Cecil Riney to retire as chorus director for Wichita Symphony Orchestra

06/26/2014 1:27 PM

08/08/2014 10:34 AM

Cecil Riney is retiring – again.

But he will still be working.

The legendary musician, who made his name leading the Friends University’s Singing Quakers, has decided to retire from his second job as chorus director for the Wichita Symphony Orchestra, a position he has had for 20 years.

He alerted the symphony staff of his decision earlier this summer.

Riney, 81, retired from Friends in 2005, after 45 years there. His tenure with the symphony will end when the 2013-14 season is up, meaning he will still prepare the choir for two shows: the annual Spirit of the Season, a free holiday concert on Dec. 10, and the Classics Concerts on April 5 and 6, which will feature Beethoven’s “Symphony No. 9” and Vaughan Williams’ “Serenade.”

“I’ll still keep involved in a lot of things, but I felt like 20 years was kind of a good round number,” he said. “You have to make a decision sometime and give somebody else a chance.”

Riney said he plans to keep his three other jobs for the time being – teaching occasional classes at Friends, directing the Friends University Singing Quaker alumni chorus, and leading the choir at his church, Chapel Hill United Methodist.

Riney was born in Liberal and went to high school in Stafford. He graduated from Friends, then earned a master’s degree in music at the University of Kansas.

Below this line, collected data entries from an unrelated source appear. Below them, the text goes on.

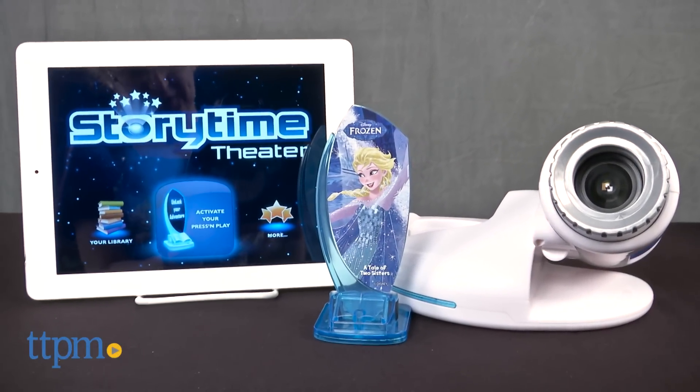Read a bedtime story with Anna and Elsa. Hi, I'm Laurie from TTPM. Reading a story before bed is a tradition of many families, but with a Disney Frozen Storytime Theatre Projector from Tech for Kids, bedtime stories can come to life.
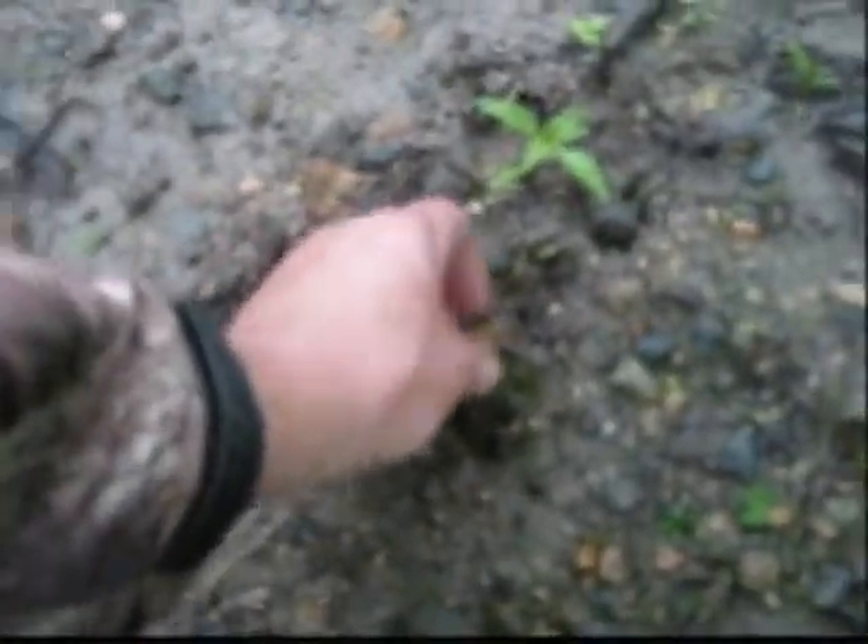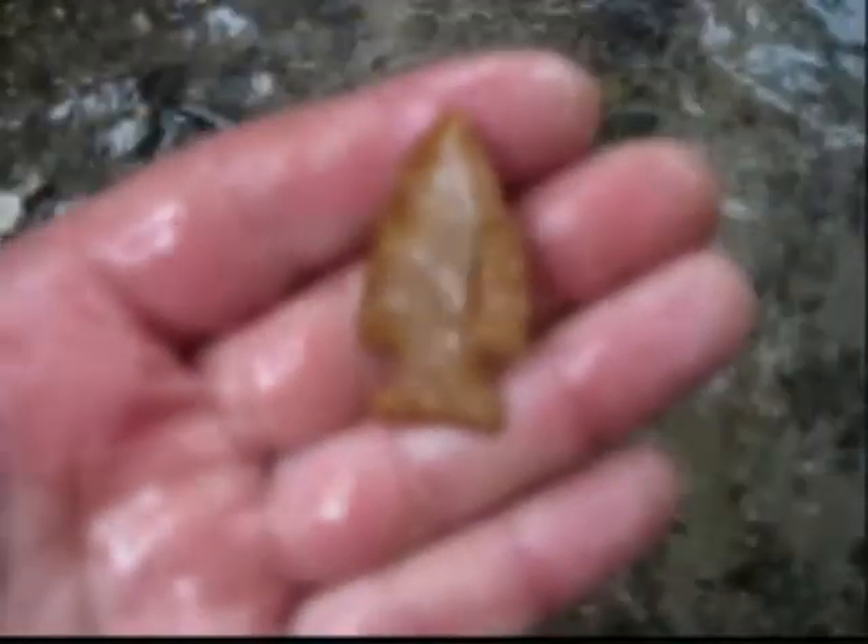Just came across this guy sitting out here all nice and pretty. That's a dandy! Oh man, that's a beauty. That's a whole of that one. Oh baby, it's sweet!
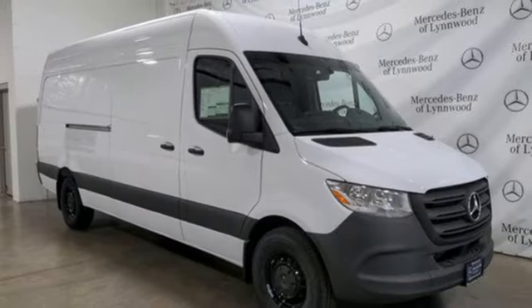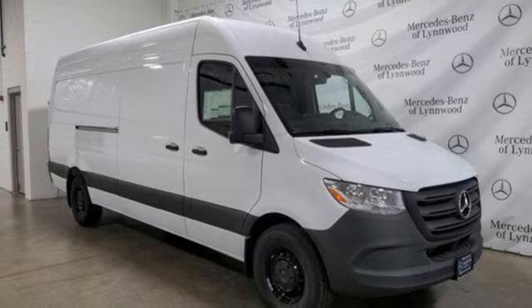Mercedes-Benz: high style, high performance. Hurry in today and see it for yourself.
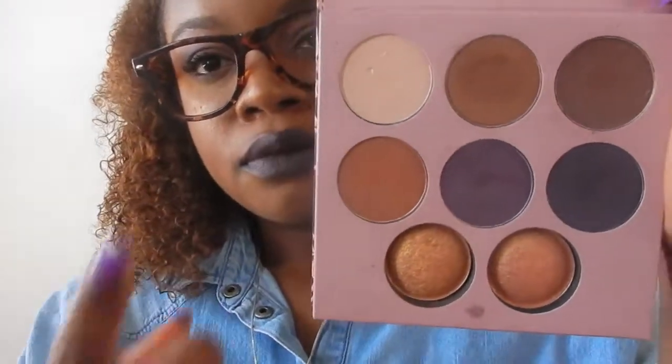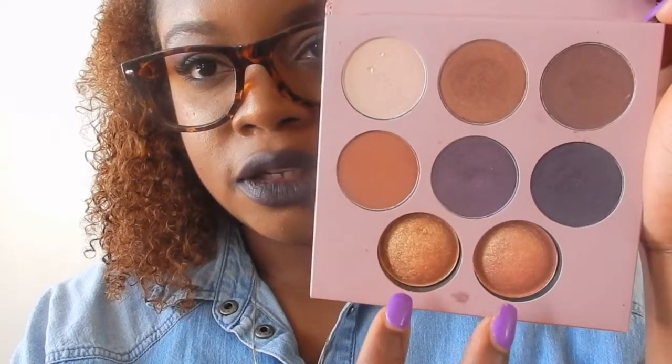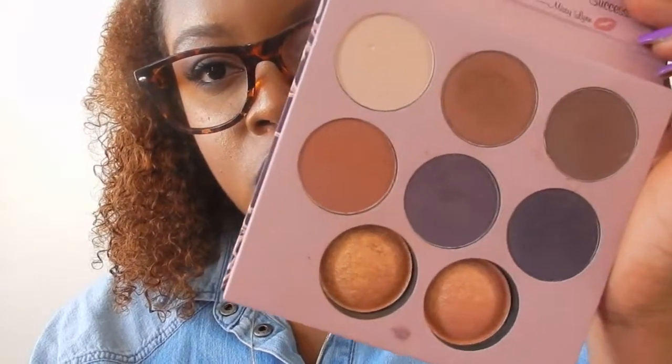It was like $11.95 on pre-order; I think it's now $14.95, which is really a great price for everything you're getting. It has a really nice size mirror and a quote which says 'start with confidence and finish with success.' There are six eyeshadows and two baked blushes.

He taught high school for two years, then earned his doctorate from the University of Southern California.

He said he would leave the symphony with many fond memories, particularly of the four conductors he has worked with over the years, the most recent being Daniel Hege.

“I’ve always enjoyed my conversations with him about music, especially as they related to his preparation of the chorus to perform with the orchestra,” Hege said. “I’ve also talked with so many people over the past few years who have been touched by Cecil as a person and as a choral director, people who have raved about being a part of his choral groups and ensembles.

“I just feel very fortunate to have worked with him for the last three years and am glad I got to do that before he stepped down.”

The symphony will soon announce its plans to launch a search for Riney’s replacement.